Endlich wird Peggy aufgerufen. Ich nehme sie vorsichtig hoch und trage sie in das Untersuchungszimmer. Der eigentliche Stress geht erst jetzt richtig los. Der Arzt ist relativ nett, tastet Peggys Fuß ab und versucht, sie in ein Gespräch zu verwickeln, was aber natürlich bei ihren Genen sehr schwer fällt, denn sie schweigt lieber. Ein paar Mal ruft sie „Aua!“ und sieht mich fragend an. Diesmal zucke ich mit den Schultern. „Das müssen wir röntgen.“, sagt der Arzt nur trocken, gibt mir einen Schein und schickt mich drei Zimmer weiter.
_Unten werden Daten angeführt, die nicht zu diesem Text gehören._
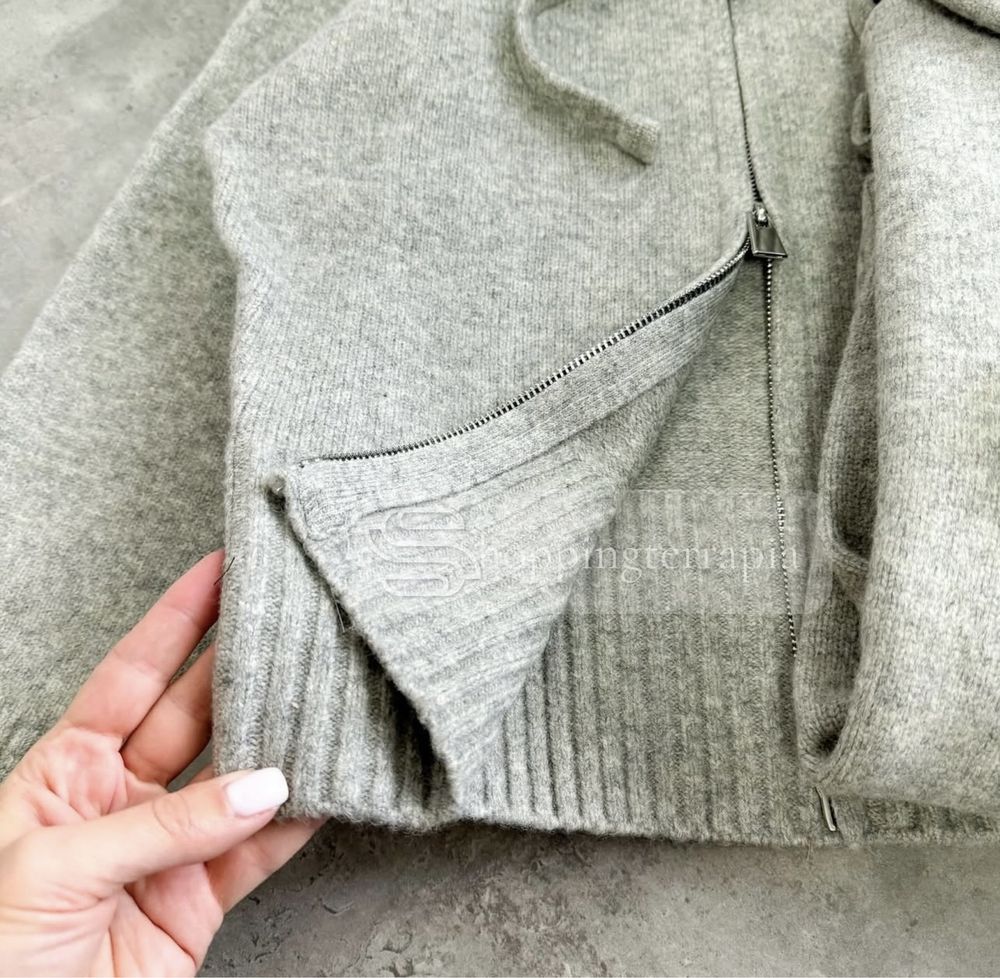 Zara сіра кофта с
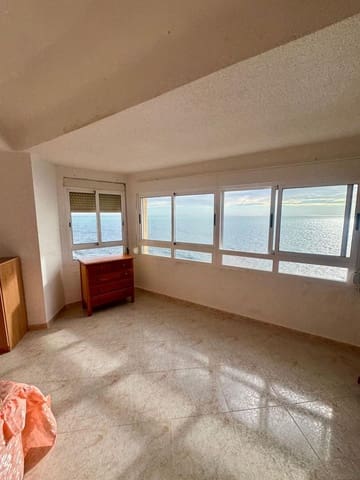 Apartamento de 4 habitaciones en Playa del Cura, Torrevieja en venta con piscina garaje - 350.000 € (Ref: 9912438)
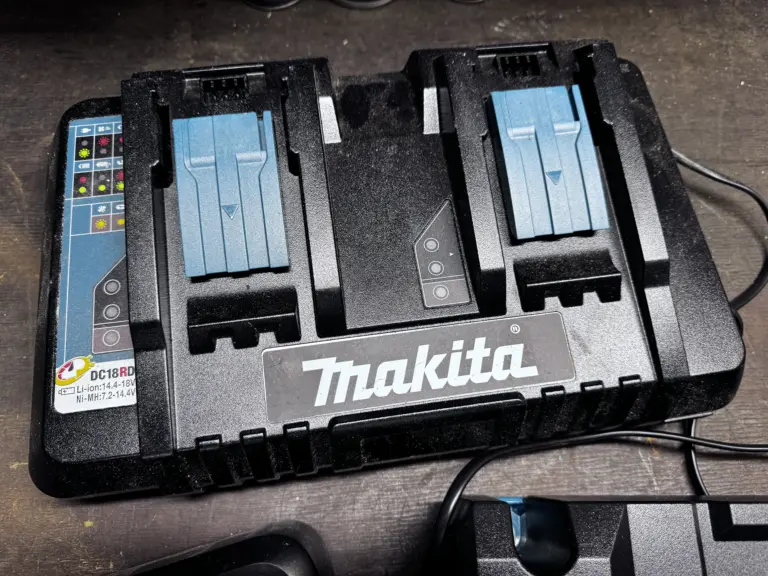 Makita DC18RD Doppelladegerät auf der Werkbank mit zwei Ladeschächten für 18V LXT Akkus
Das Röntgen verläuft gar nicht gut, denn Peggy beginnt nun zu schreien und zu weinen. Sie hat Angst vor diesem großen Gerät und hat Schmerzen als eine Frau ihr den Fuß fixieren will und auch muss. Wir versuchen sie abzulenken, zu beruhigen, ich drücke sie an mich, aber nichts hilft. Die Frau gibt es auf und schickt uns wieder zum Doktor. Peggy ist mittlerweile total verstört und klammert sich an mich. Ständig fragt sie nach Andrew und jetzt verfluche ich ihn auch, dass er Peggy so im Stich lässt.
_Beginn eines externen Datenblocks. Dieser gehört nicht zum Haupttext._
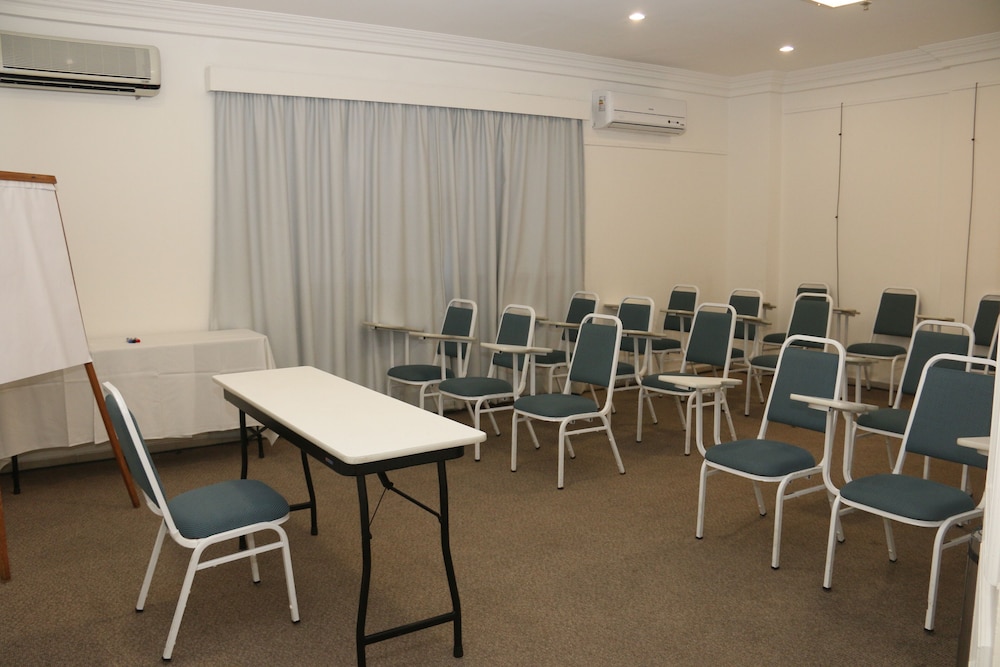 Vitoria Hotel Residence Newport 40/44
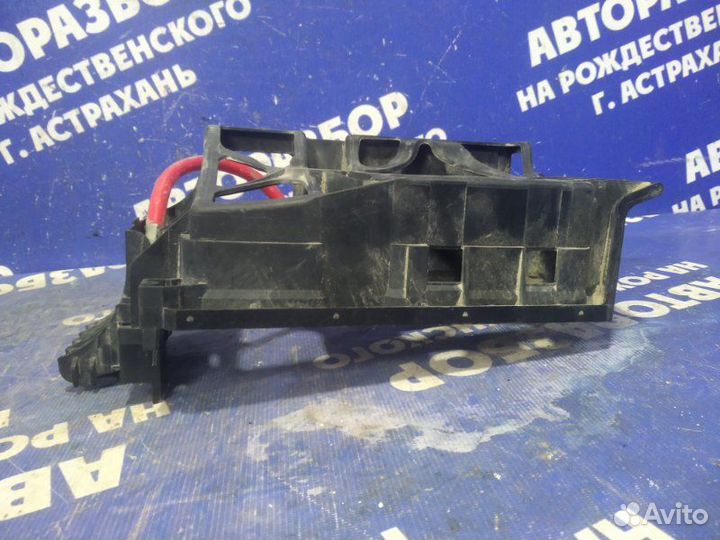 Блок предохранителей под капот Opel Astra H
„Da sie so starke Schmerzen hat, müssen wir davon ausgehen, dass zwei Bänder gerissen sind. Bei einem einfachen Bänderriss wäre der Fuß auch auf keinen Fall so dick. Bei ihr reicht aber eine Schiene und gebrochen ist definitiv nichts.“
Erleichterung. Zum Glück muss nicht noch ein Gips an ihren Fuß.
Dank der Schiene kann Peggy schon allein auftreten. Ich frage mich nur, wie so was funktioniert, aber na ja, wichtig ist, dass wir nun endlich gehen können. Nun muss ich nicht mehr soviel Last tragen. Zum einen muss ich Peggy nicht mehr tragen und zum anderen ist mein Portmonai auch umso einiges leichter geworden.
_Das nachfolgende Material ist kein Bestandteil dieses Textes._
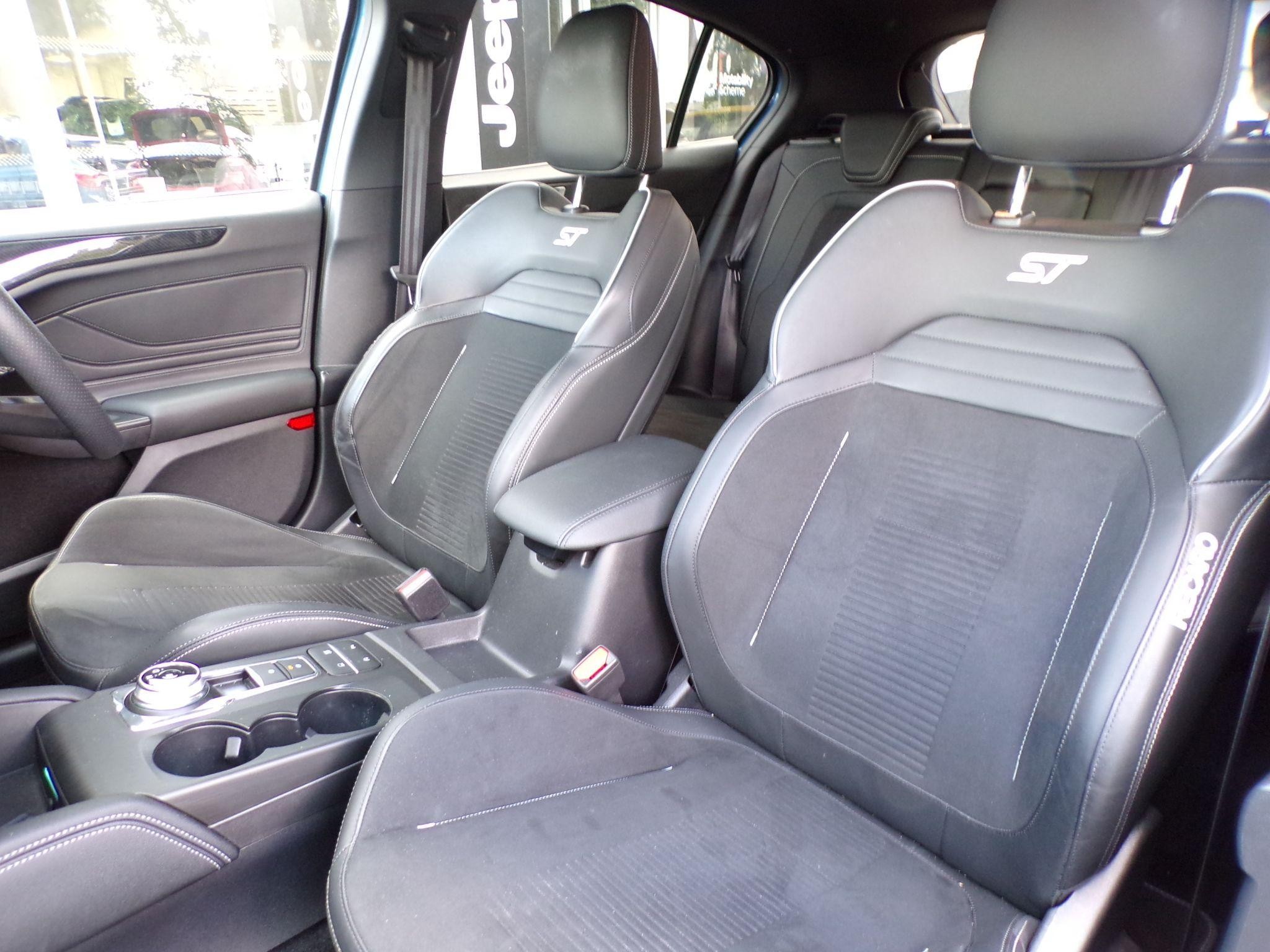 Ford Focus Image 14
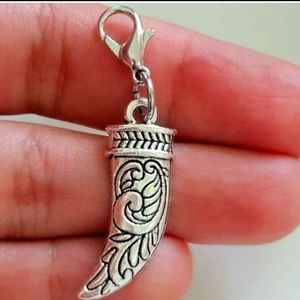 Clip On fang charms silver horn bracelet charms dreadlock beads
Gerade ich mit Peggy an der Hand aus dem Krankenhaus gehe, läuft uns Andrew entgegen.
Elisa
20106 Beiträge
29.10.2008 17:14
Seite 22

Er rennt Peggy fast um, hebt sie hoch und drückt sie fest an sich und genauso fest klammert sie sich an ihn. „Ein Glück, dass es dir gut geht.“, sagt er zu ihr. Ich stehe daneben und schaue mehr oder weniger an ihnen vorbei. Ich bin so enttäuscht von Andrew!
Mit Peggy auf dem Arm umarmt er mich mit seinem freien Arm und gibt mir einen Kuss auf die Stirn- wie immer. Ich lasse es über mich ergehen, denn jetzt soll er sich erst einmal um die Kleine kümmern. Andrew knüpfe ich mir später vor.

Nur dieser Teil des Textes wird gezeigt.